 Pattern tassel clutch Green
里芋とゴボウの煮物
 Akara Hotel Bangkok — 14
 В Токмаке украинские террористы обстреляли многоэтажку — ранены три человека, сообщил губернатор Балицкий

--

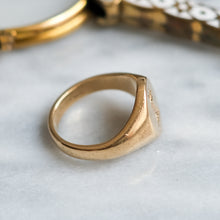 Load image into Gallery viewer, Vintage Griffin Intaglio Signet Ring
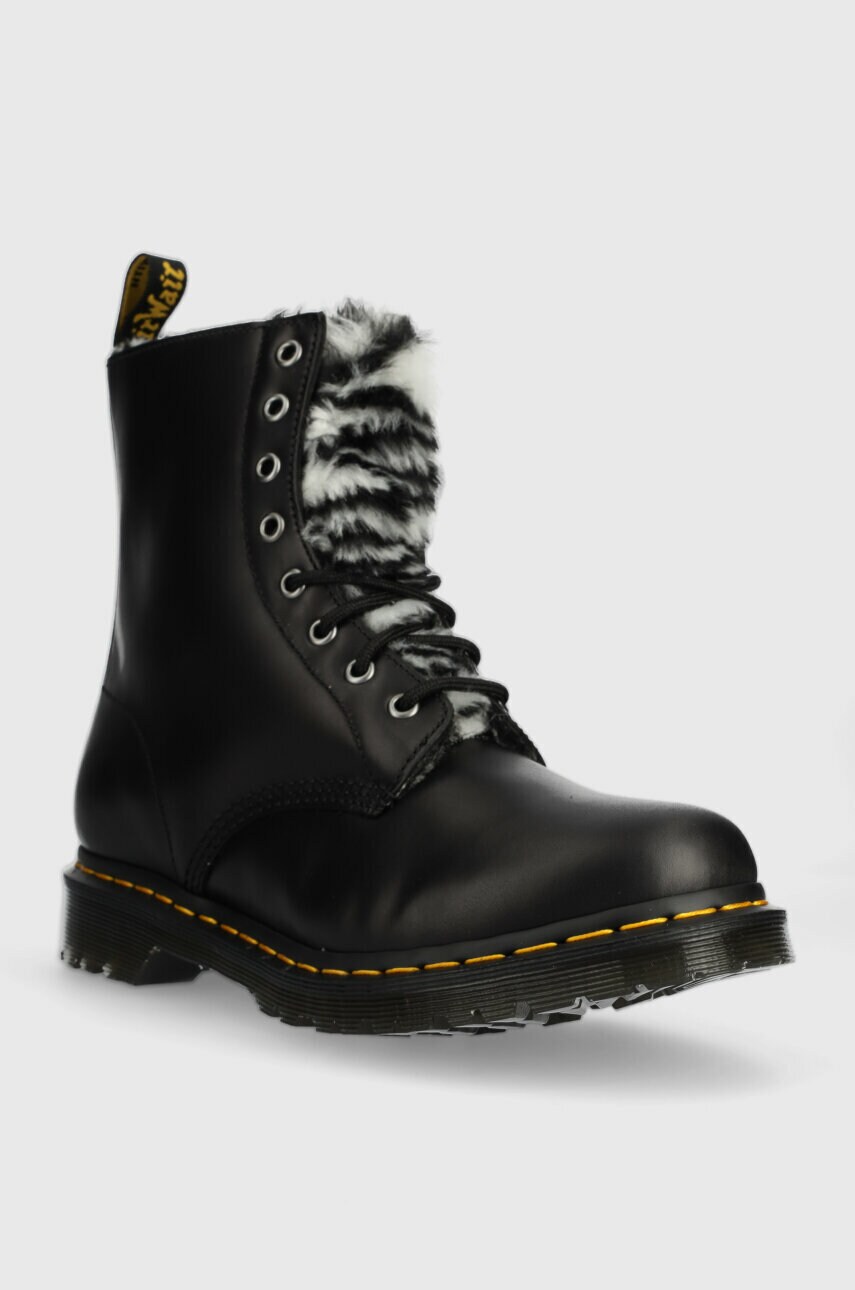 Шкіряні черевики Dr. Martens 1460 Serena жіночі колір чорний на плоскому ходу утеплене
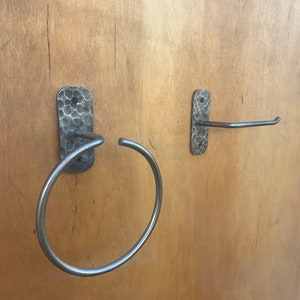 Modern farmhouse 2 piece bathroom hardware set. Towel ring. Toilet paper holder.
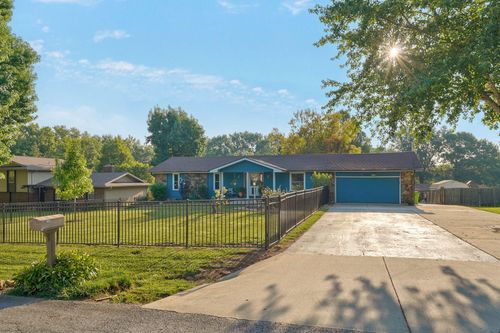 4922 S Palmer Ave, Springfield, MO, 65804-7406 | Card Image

---

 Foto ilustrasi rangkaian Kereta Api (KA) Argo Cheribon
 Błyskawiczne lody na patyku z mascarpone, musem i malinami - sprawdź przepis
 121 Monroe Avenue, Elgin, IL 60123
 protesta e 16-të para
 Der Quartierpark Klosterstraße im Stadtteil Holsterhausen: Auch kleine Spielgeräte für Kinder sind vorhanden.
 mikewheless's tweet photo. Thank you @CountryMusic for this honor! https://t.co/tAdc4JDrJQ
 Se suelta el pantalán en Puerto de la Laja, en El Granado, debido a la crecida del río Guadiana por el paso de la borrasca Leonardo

■ TASK
From the records above, reproduce exactly the lines from the one with "Der Quartierpark Klosterstraße" to the one with "mikewheless's tweet photo.", both included, and no others.

■ ANSWER BELOW
 Der Quartierpark Klosterstraße im Stadtteil Holsterhausen: Auch kleine Spielgeräte für Kinder sind vorhanden.
 mikewheless's tweet photo. Thank you @CountryMusic for this honor! https://t.co/tAdc4JDrJQ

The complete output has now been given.